How Insects are Revolutionizing Hearing Aids

Modern day hearing aids have come a long way; existing models are highly effective and come with incredible digital functions, such as wifi connectivity, that radically improve a person’s ability to hear along with their overall quality of life.

But there is still room for improvement.

Specifically, in some instances hearing aids have some challenges with two things:

  1. Locating the source of sound
  2. Eliminating background noise

But that may soon change, as the most recent research in hearing aid design is being guided from a surprising source: the world of insects.

Why insects hold the answer to improved hearing aids

Both mammals and insects have the same problem related to hearing: the transformation and amplification of sound waves into information the brain can use. What researchers are identifying is that the system insects use to solve this problem is in ways more proficient than our own.

The organs of hearing in an insect are smaller and more sensitive to a larger range of frequencies, allowing the insect to recognize sounds humans cannot hear. Insects also can recognize the directionality and distance of sound in ways more precise than the human ear.

Hearing aid design has commonly been guided by the way humans hear, and hearing aids have tended to offer straightforward amplification of incoming sound and transmission to the middle ear. But scientists are now asking a different question.

Finding inspiration from the natural world, they’re inquiring how nature—and its hundreds of millions of years of evolution—has attempted to solve the problem of sensing and perceiving sound. By analyzing the hearing mechanism of different insects, such as flies, grasshoppers, and butterflies, scientists can borrow the best from each to design a completely new mechanism that can be used in the design of new and improved miniature microphones.

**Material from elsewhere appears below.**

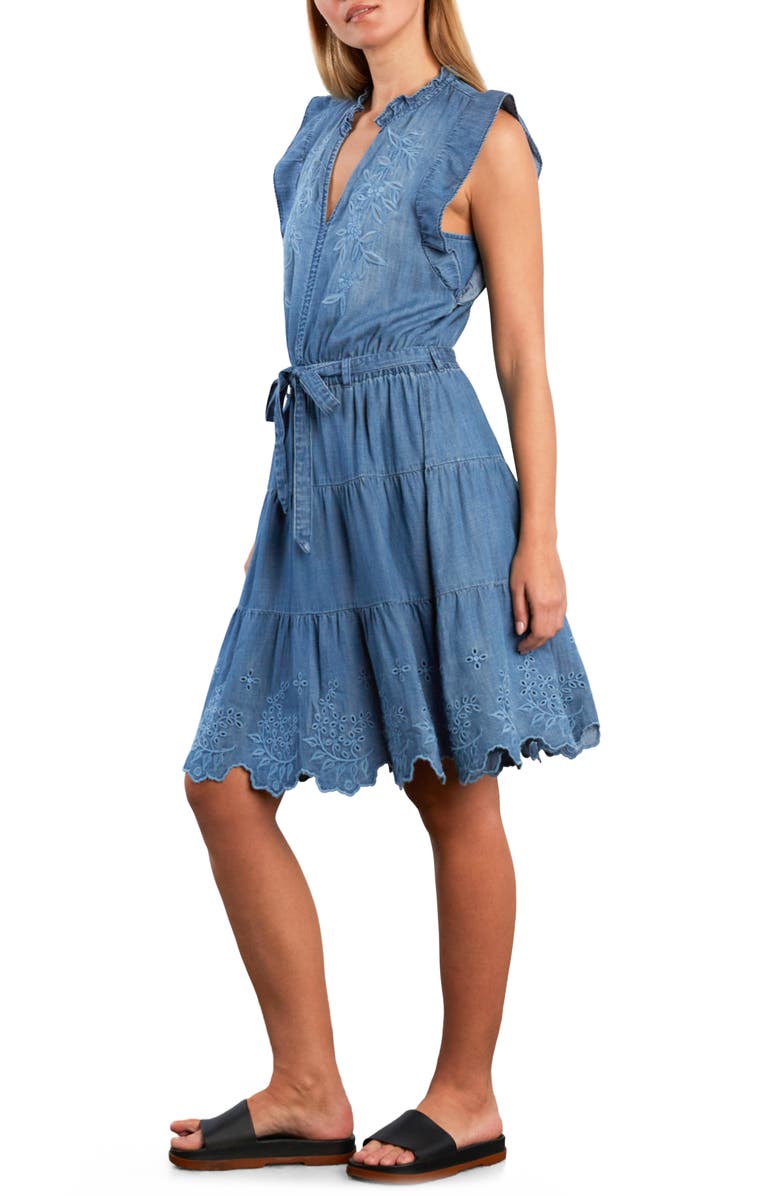 Wash Lab Denim Rose Eyelet Embroidered Denim Dress, Alternate, color, Sweet Denim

Insect-inspired miniature directional microphones

Researchers from University of Strathclyde in Glasgow, Scotland, and the MRC/CSO Institute for Hearing Research (IHR) at Glasgow Royal Infirmary, will be evaluating hearing aids outfitted with a unique type of miniature microphone inspired by insects.

The hope is that the new hearing aids will achieve three things:

  1. More energy-efficient microphones and electronics that will eventually lead to smaller hearing aids, lower power usage, and longer battery life.
  2. The capability to more accurately locate the source and distance of sound.
  3. The ability to focus on specific sounds while wiping out background noise.

Researchers will also be testing 3D printing techniques to improve the design and ergonomics of the new hearing aids.

The future of hearing aids

For the majority of their history, hearing aids have been produced with the human hearing mechanism in mind, in an effort to reconstruct the normal human hearing experience. Now, by asking a different set of questions, researchers are establishing a new set of goals. Instead of attempting to RESTORE normal human hearing, perhaps they can AUGMENT it.